• Problem details:
Once the pictures are set aside, transcribe each line of the data exactly.

• Supplied information:
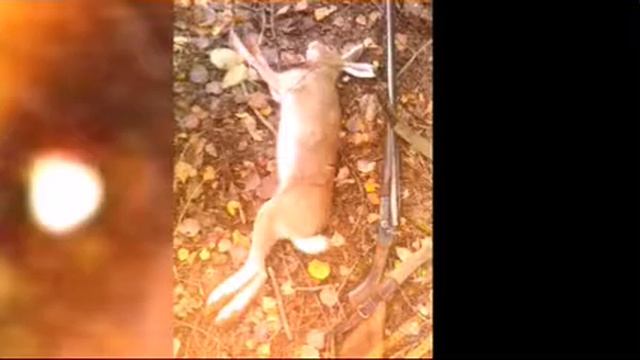 Фото с Охоты. смотреть онлайн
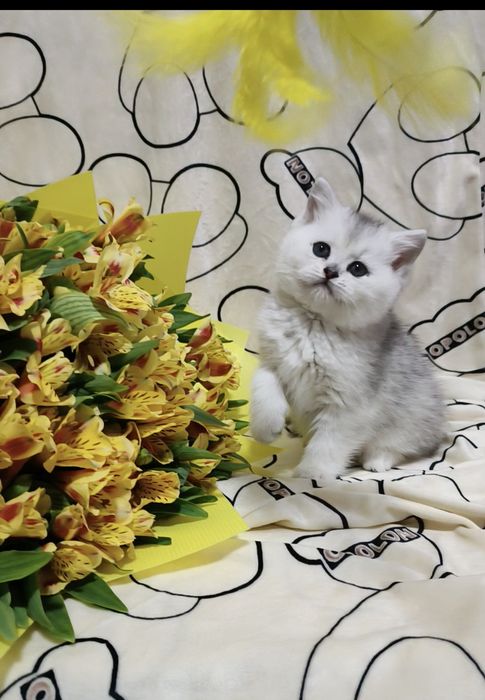 Продаётся шикарные британская девочка скоттиш-страйт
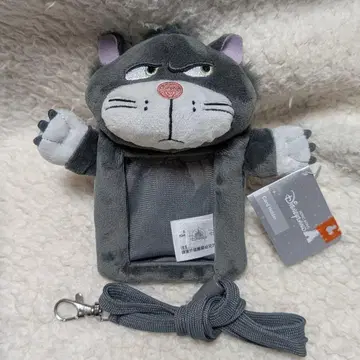 패스 케이스 카드 홀더 홍콩 디즈니랜드 해외 신데렐라 루시퍼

• Exercise output:
 Фото с Охоты. смотреть онлайн
 Продаётся шикарные британская девочка скоттиш-страйт
 패스 케이스 카드 홀더 홍콩 디즈니랜드 해외 신데렐라 루시퍼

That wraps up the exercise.